A Teoria Crítica do Direito tem inúmeras posições e fontes. É essencial, indispensável, para a reflexão do/sobre o/ direito. Revela um descontentamento, uma insatisfação com a dogmática que se inspira na lei. Procura mostrar que a lei não é neutra, que a lei atende a interesses. Nesse sentido, a crítica tem o objetivo de mostrar a necessidade de alterar a lei, de interpretá-la, de fazer com que a lei cumpra a sua natureza de, nos termos ditos por H. G. Gadamer, promover “a fusão de horizontes”, no sentido de que uma lei editada há décadas possa continuar sendo aplicada em uma sociedade que se modificou profundamente. Ora, se a lei pode ser modificada, a sua interpretação/aplicação pode, por igual, se adaptada a novas realidades que não existiam no contexto histórico da edição da lei.

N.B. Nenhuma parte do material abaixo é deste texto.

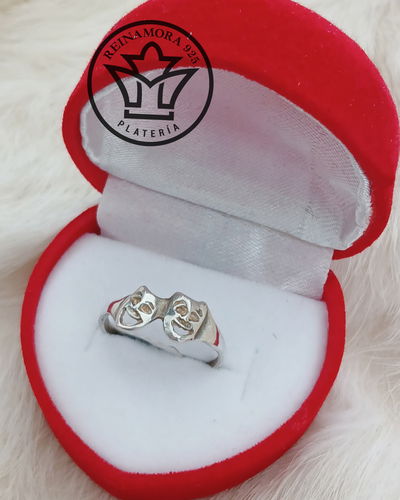 Anillo Plata 925 Cara de Teatro 1.7grs
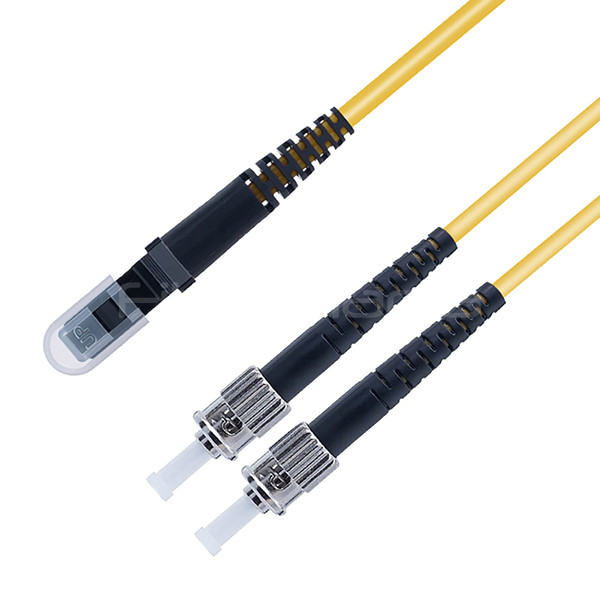 MTRJ PC to ST UPC Fiber Optic Patch Cable Duplex Single Mode OS2 OFNR 3.0mm
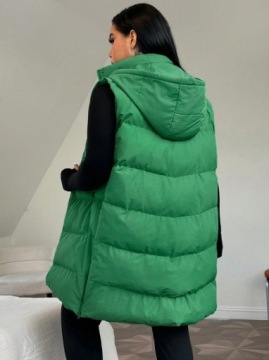 ЖЕНСКИЙ ПУХОВИК SHEIN ЗЕЛЕНЫЙ БОЛЬШОЙ РАЗМЕР R.4XL Y507024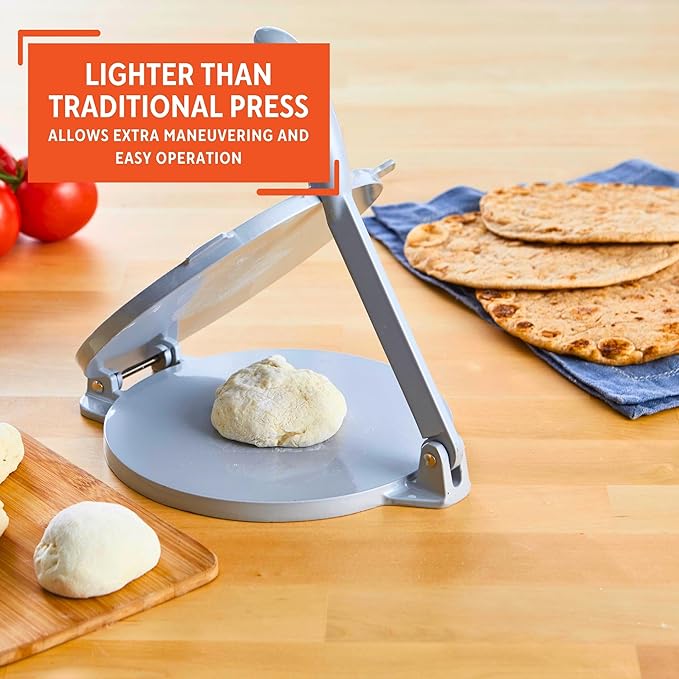 IMUSA USA Tortilla Press,8 Inch,Silver,(Pack of 3)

Comparar os tipos penais e suas sanções são importantes, porque, como já disseram[1], o direito penal é o retrato de um país. No caso do Brasil, basta por os olhos em alguns textos legais que se percebe, claramente, o desvalor da vida humana como retrato do país.

Antes de dar curso a esta crítica convém observar que não creio no direito penal como recurso de controle social, nem na pena como modelo de recuperação do indivíduo para a sociedade, especialmente no Brasil, em que as prisões são depósitos humanos e fábricas/escolas do crime, o último sentido como derivado do primeiro. Isso porque os indivíduos, que muitas e muitas vezes enfrentam prisões desnecessárias e injustificadas sob a ótica legal e constitucional, são jogados e esquecidos em um ambiente medieval em que prevalece – sempre e sempre – a lei do mais forte e uma ética primitiva. O recurso que tem, então, é aderir a essa “ética de sobrevivência” firmando compromissos que terão, mais cedo ou mais tarde, por diversas formas, de pagar.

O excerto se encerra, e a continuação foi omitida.